Once my oldest went to high school (aged 12) I made it clear that she was responsible for making sure homework was done and also that she had what she needed for school. When she got to 15 I told her she could go to bed when she wants but she has to get up for school. She stayed up late for a while but a couple of years on she's learned to sleep earlier and she's on top of her studies.

Put the responsibility in their hands and if need be, let them learn the hard way through detentions. I told my dd if she got detention she'd also be grounded/phone removed.

My youngest is 9 and its still a battle ground getting her to sit and do it but she will be given the same options and responsibility as the oldest. I do not want to be hand holding and double checking when they are adults.
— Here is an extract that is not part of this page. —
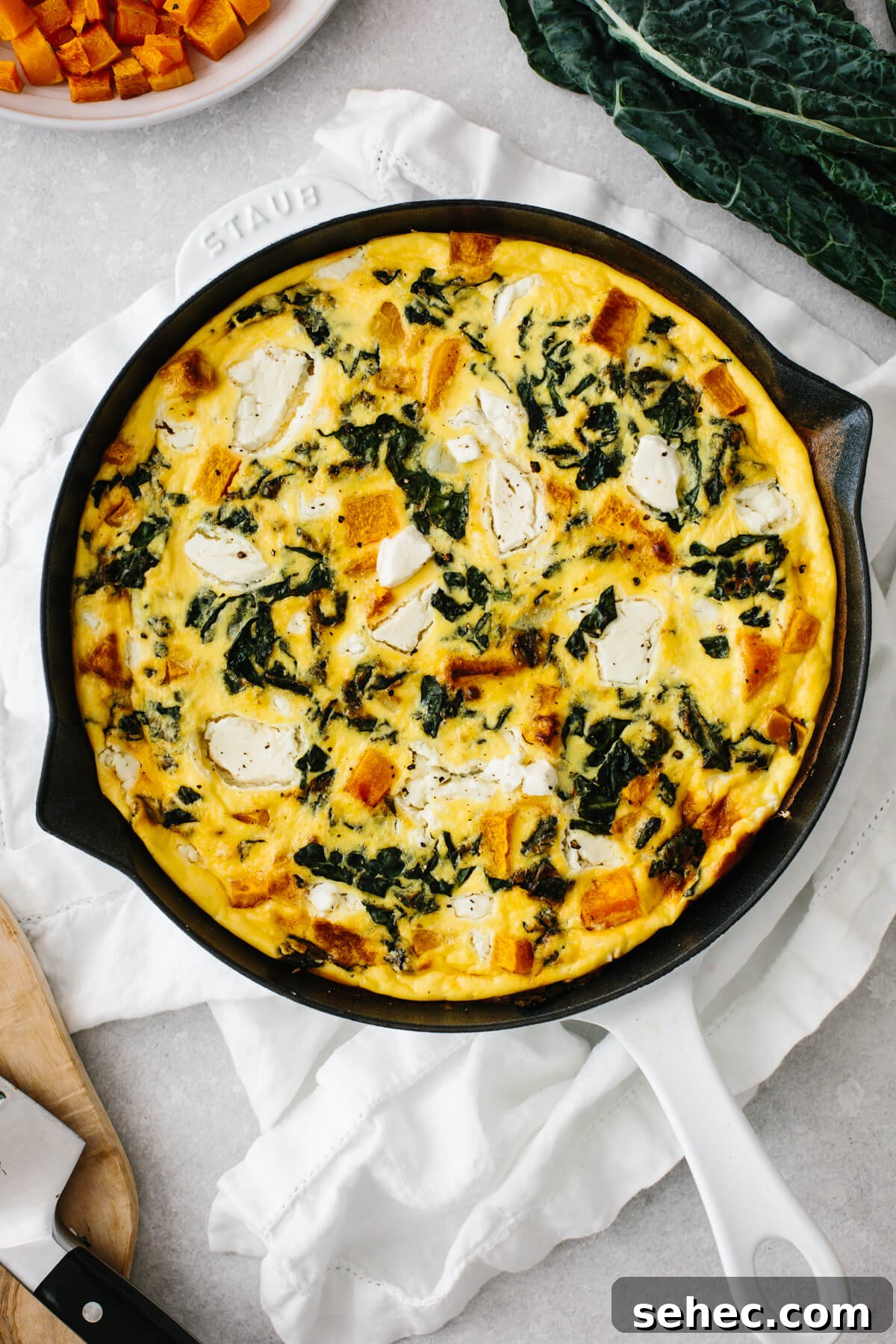Butternut Squash Recipes for Soups, Sides, and Mains 6 Butternut squash frittata in a white saute pan on a table.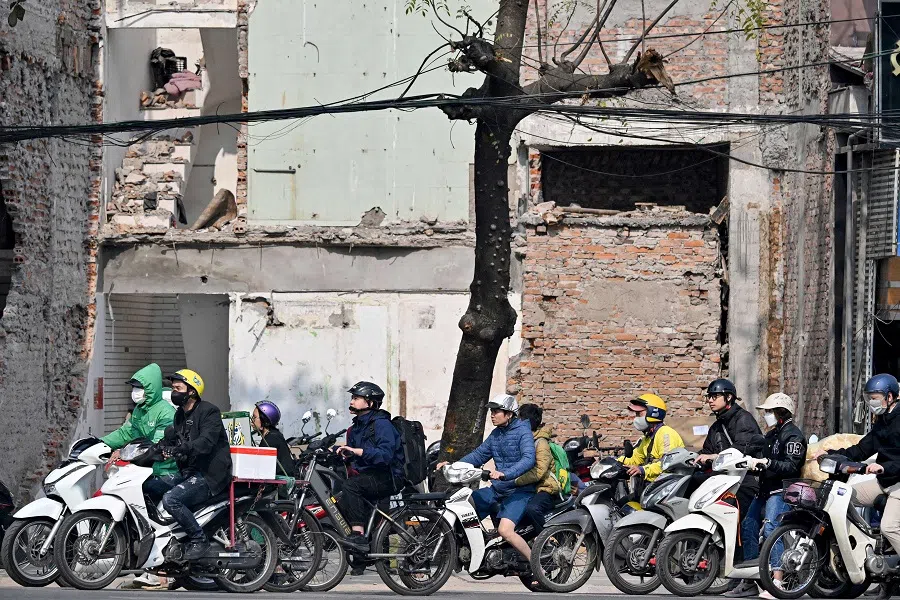 People ride their motorbike in front of old houses being demolished in Hanoi, Vietnam, on 6 January 2025. (Nhac Nguyen/AFP)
Bunbaker · 23/03/2015 15:12

This reply has been deleted

Message withdrawn at poster's request.

SconessMcFloness · 23/03/2015 15:55

I have twins - ds has always been more challenging. Used to find homework with ds to be very painful but I have always made it clear that they are at school to work for themselves, not me and not the teacher, I have rammed it home that education gives them options and opportunities and leaving hard work till they are 18 is too late.
Year 6 was when we started getting homework done before anything else, with the aim of getting into a good routine for Year 7. In year 6, I'd insist that when they wanted my help, they'd ask me in a way that suggested I was doing them a favour, it was their homework, not mine. I was advised by other parents not to get involved in with homework or organising them everyday for school so when year 7 arrived the expectation was their homework was their responsibility and their detention if it wasn't done.
Ds has had a couple of detentions, he's more disorganised but he has learned his lesson, dd hasn't had any, she's a hard worker and she's finding secondary school more motivating than primary - the teachers seem to appreciate her effort more.
They get occassional rewards for working hard but they are not regular and there is no if you do well you'll get a reward....it's more after they've done something like getting through a hard time with a subject, showing initiative, being brave when dealing with a difficult teacher...they'll often be surprised at the things I value.
So I find there is no need to nag about homework and I'm so very glad about that, but we have screen time limits and early bedtimes which help.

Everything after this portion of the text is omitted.